- [WORK ITEM]: What you should give back is a precise copy of the lines below from the one containing "Flowerbox mit frischen" through the one containing "Serene Uptown 2br And 2ba Apartment *", with no pictures.
---------- EXCERPTED DATA ----------
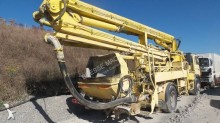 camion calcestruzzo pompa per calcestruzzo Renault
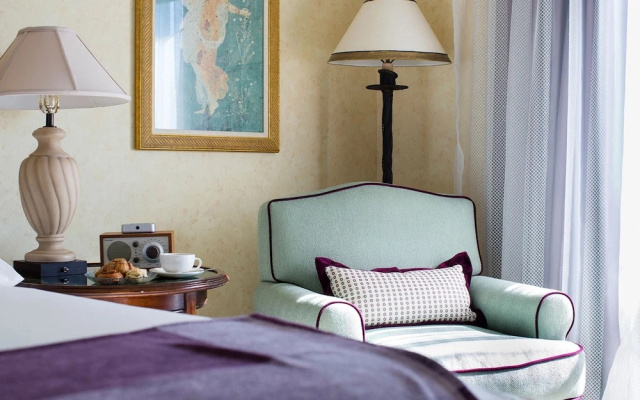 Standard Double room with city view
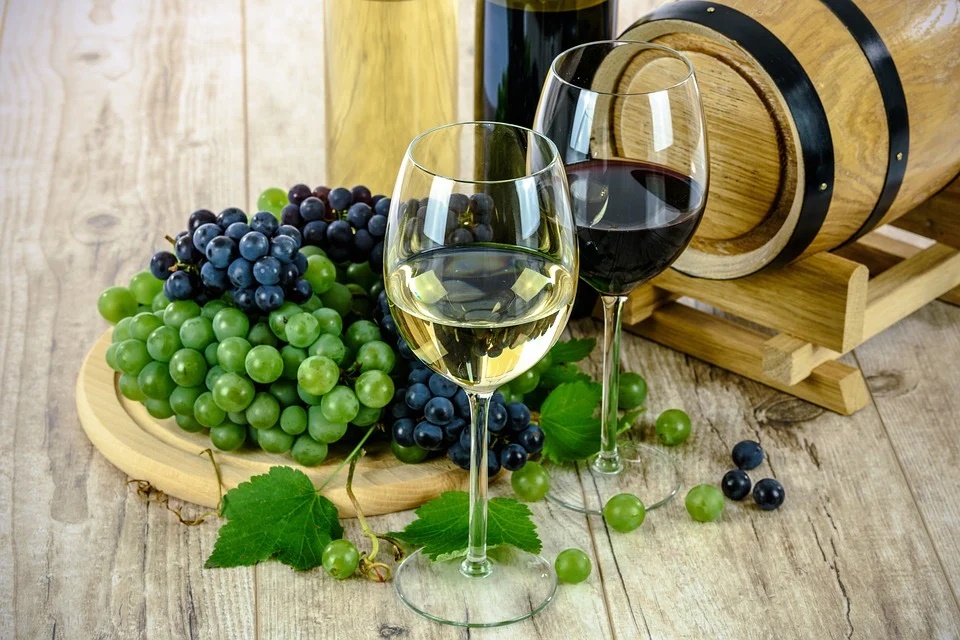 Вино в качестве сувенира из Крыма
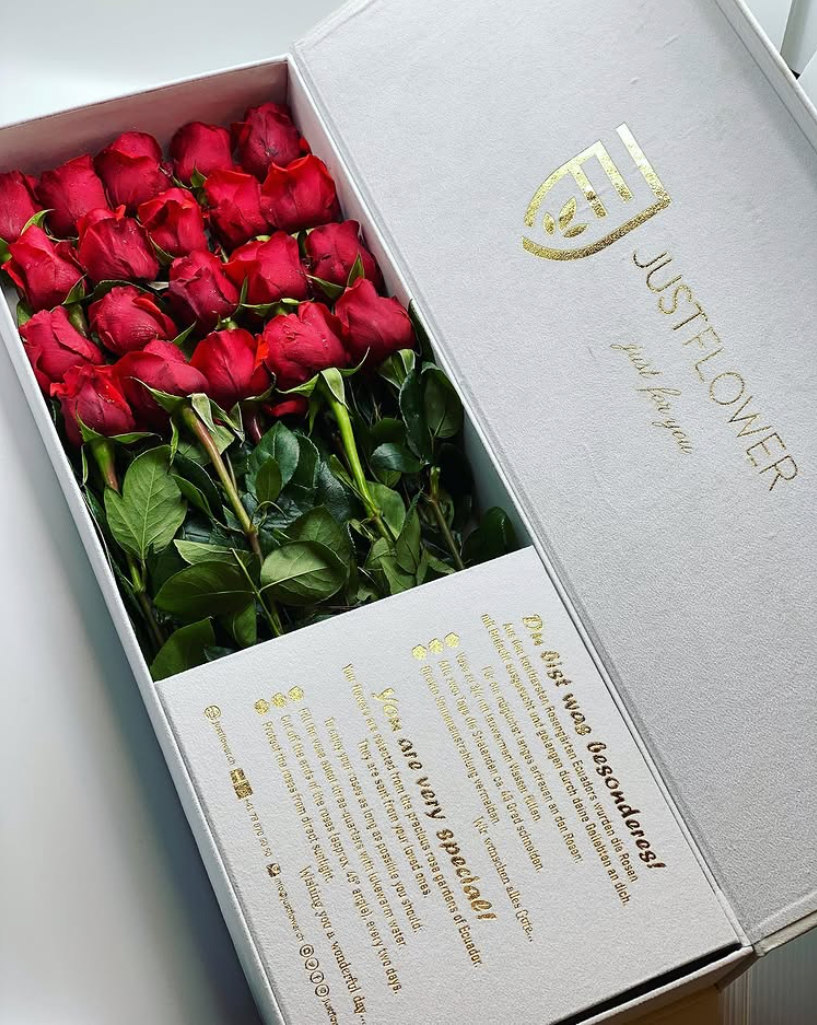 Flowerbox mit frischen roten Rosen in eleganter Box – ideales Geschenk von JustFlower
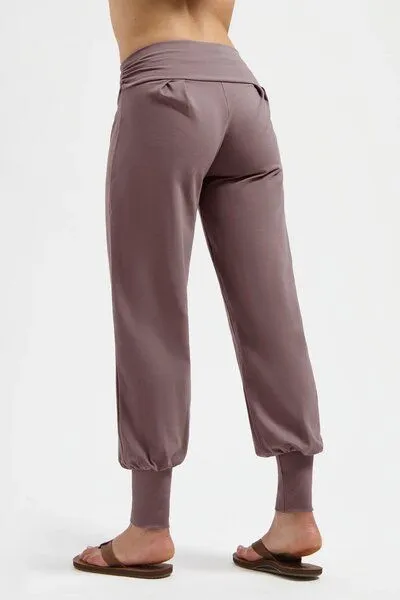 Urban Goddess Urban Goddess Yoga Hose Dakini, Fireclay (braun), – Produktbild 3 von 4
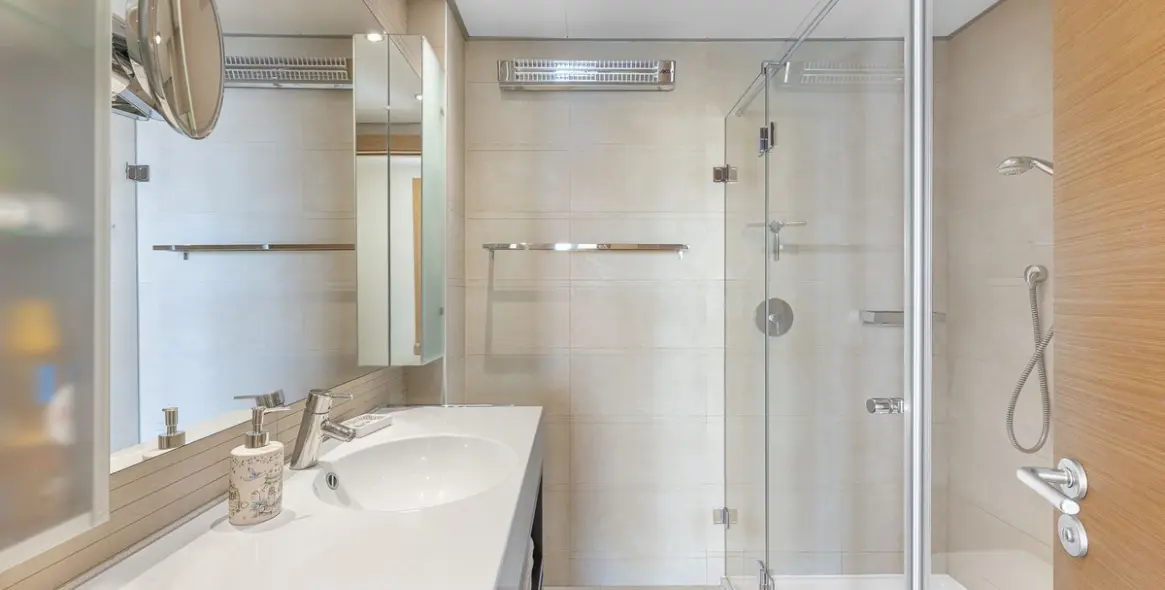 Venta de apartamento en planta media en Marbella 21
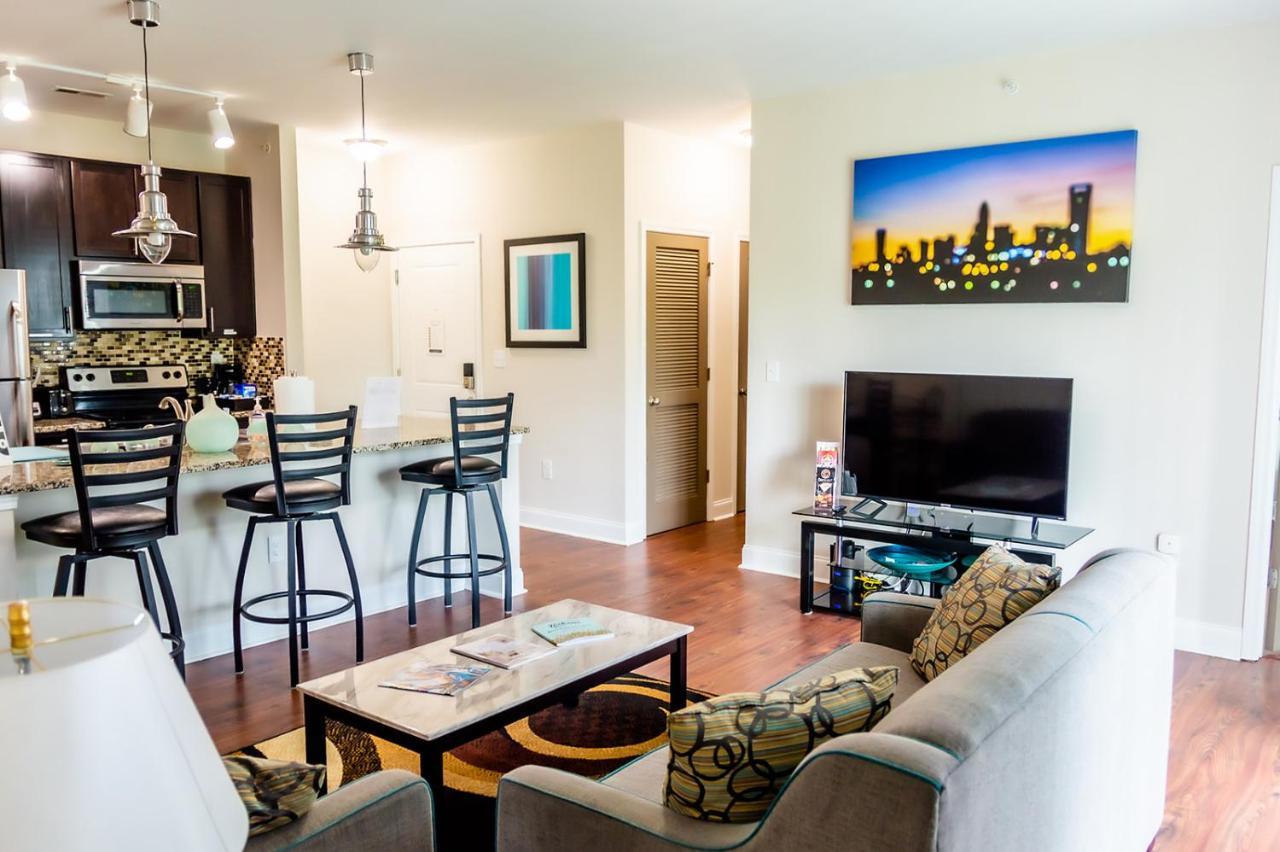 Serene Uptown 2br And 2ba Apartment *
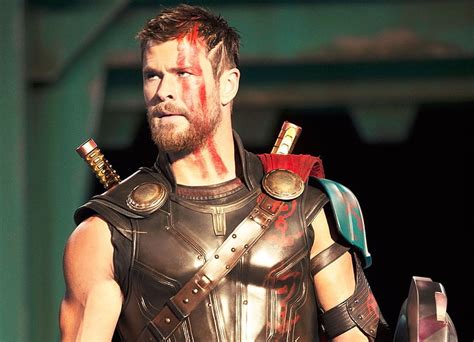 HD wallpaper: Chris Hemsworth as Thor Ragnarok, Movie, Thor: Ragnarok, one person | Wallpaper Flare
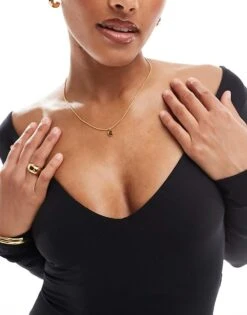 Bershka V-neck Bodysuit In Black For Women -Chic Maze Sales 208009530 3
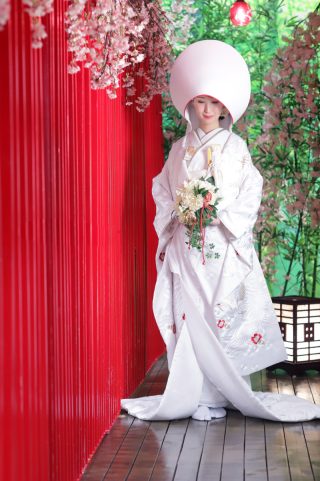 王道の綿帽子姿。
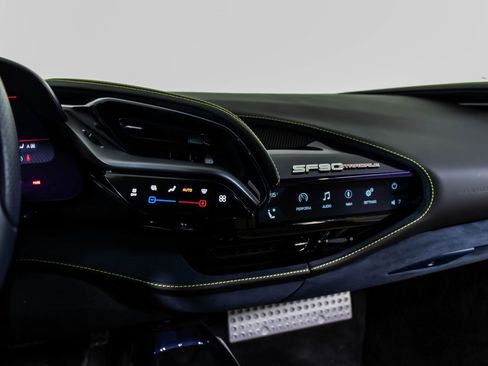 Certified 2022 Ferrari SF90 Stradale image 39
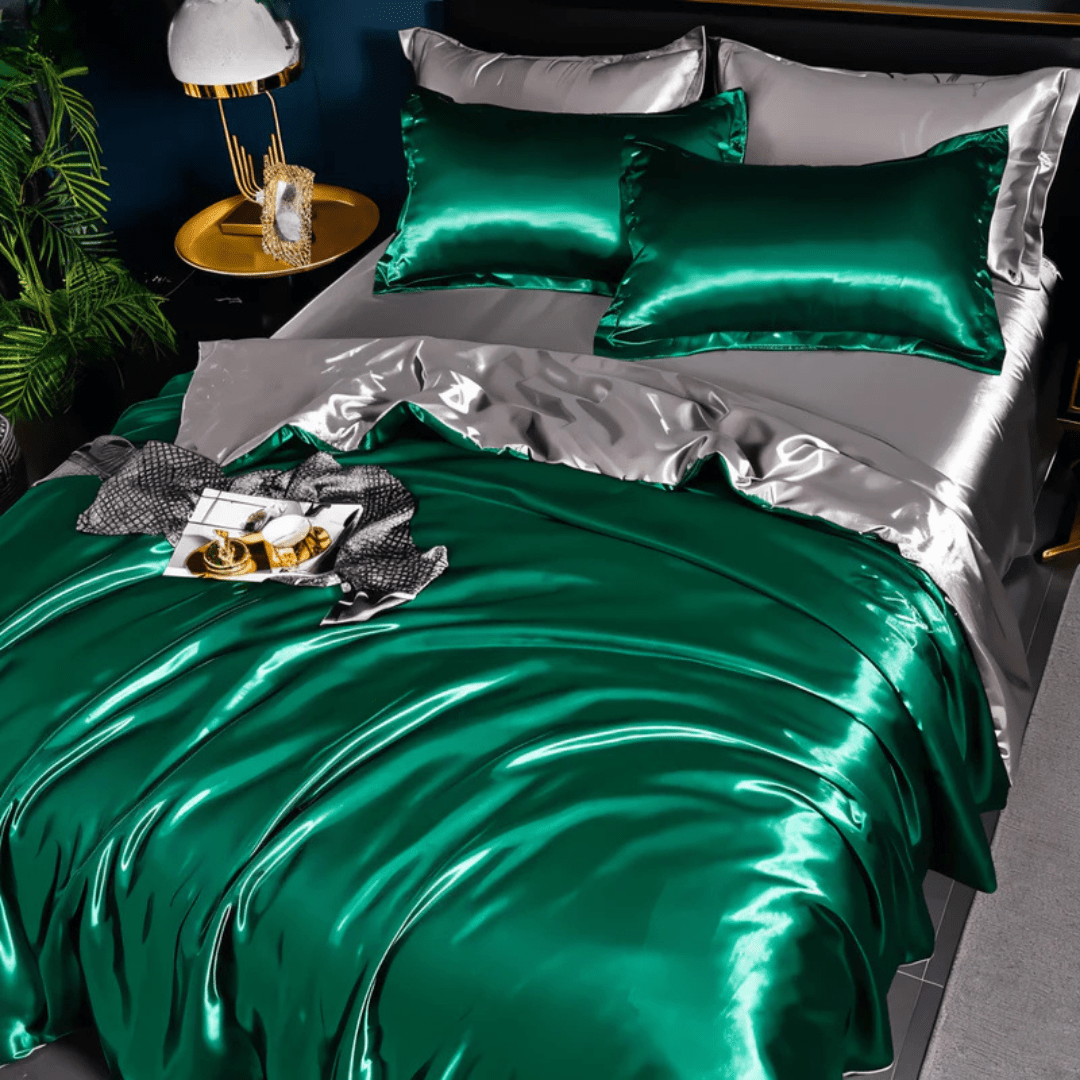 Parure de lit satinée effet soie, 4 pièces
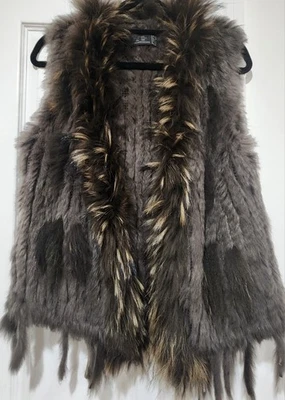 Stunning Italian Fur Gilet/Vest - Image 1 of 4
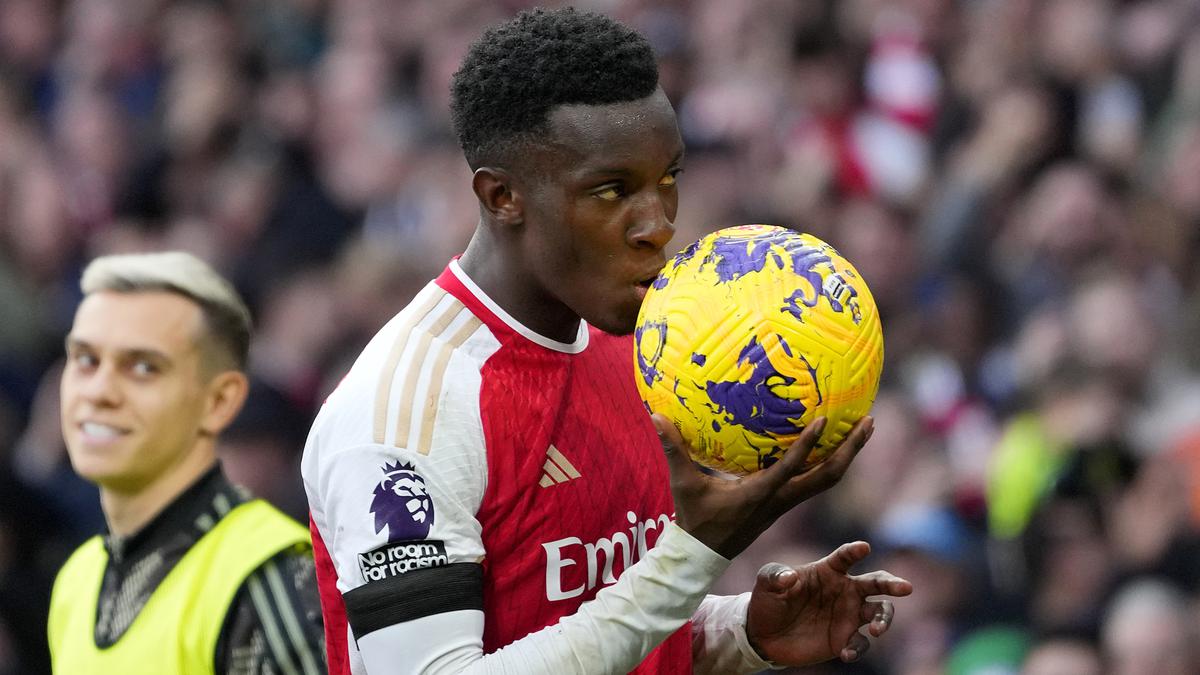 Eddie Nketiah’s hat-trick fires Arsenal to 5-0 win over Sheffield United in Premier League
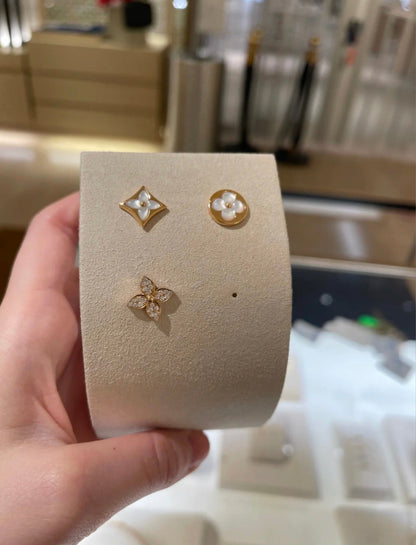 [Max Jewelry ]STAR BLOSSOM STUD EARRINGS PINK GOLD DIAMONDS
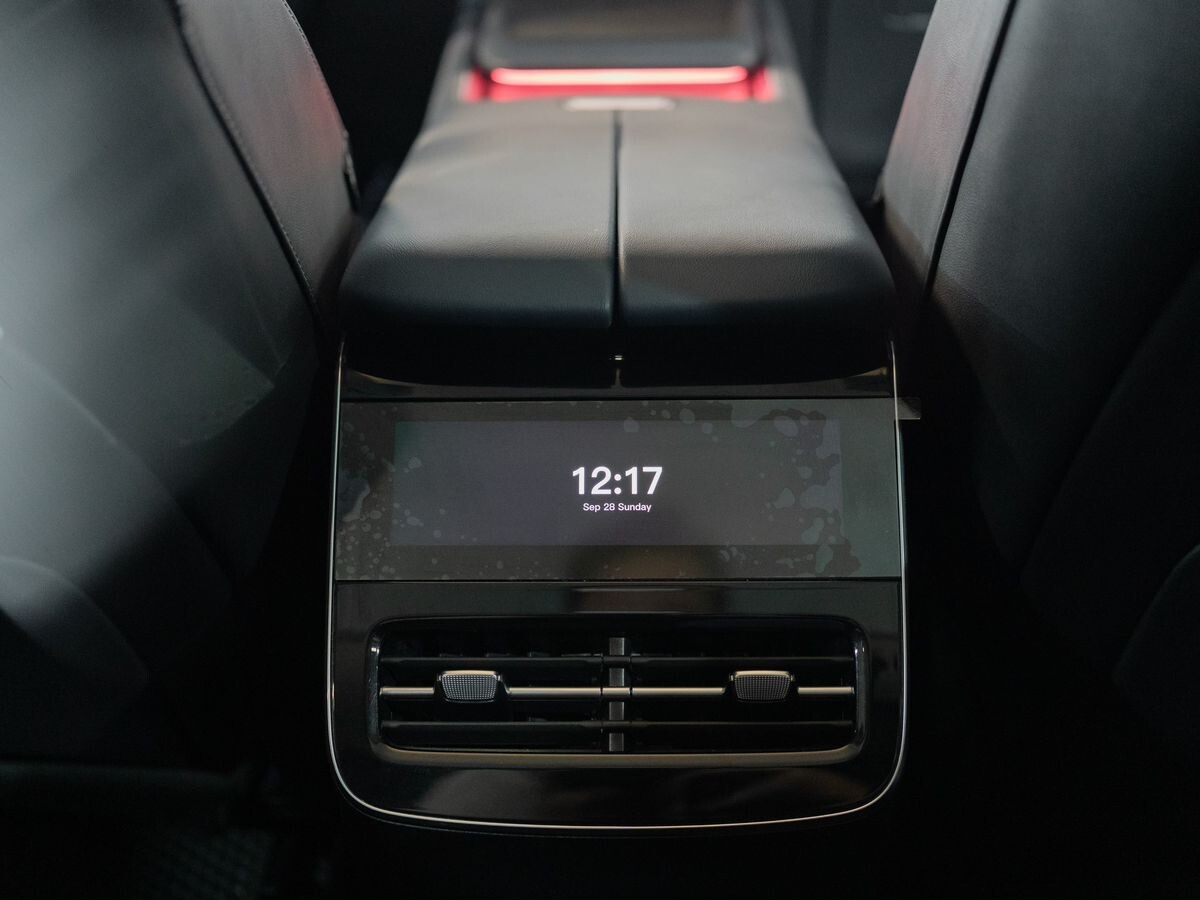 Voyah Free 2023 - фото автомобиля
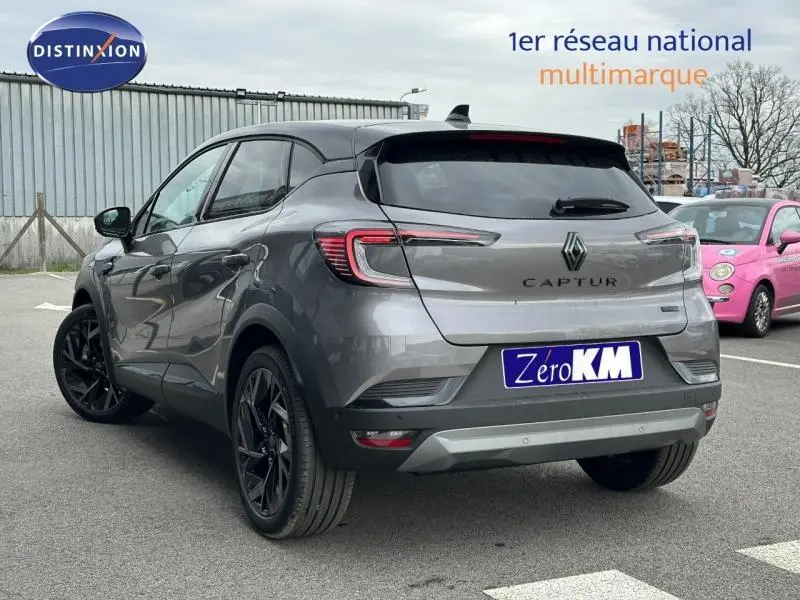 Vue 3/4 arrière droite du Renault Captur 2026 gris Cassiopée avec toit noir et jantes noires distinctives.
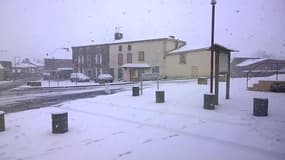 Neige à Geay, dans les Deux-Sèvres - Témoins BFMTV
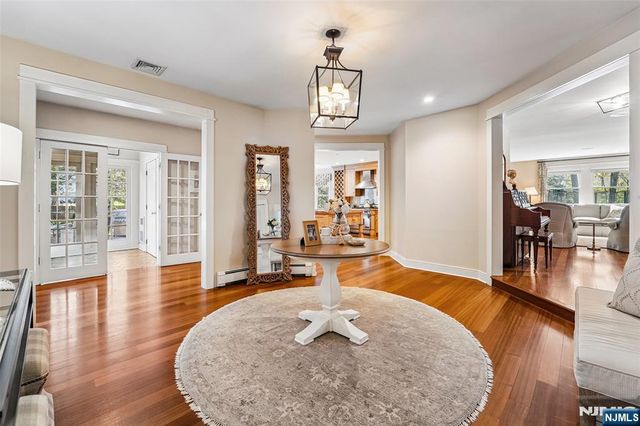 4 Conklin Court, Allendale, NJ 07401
----------
- [WRITTEN REPLY]:
 Flowerbox mit frischen roten Rosen in eleganter Box – ideales Geschenk von JustFlower
 Urban Goddess Urban Goddess Yoga Hose Dakini, Fireclay (braun), – Produktbild 3 von 4
 Venta de apartamento en planta media en Marbella 21
 Serene Uptown 2br And 2ba Apartment *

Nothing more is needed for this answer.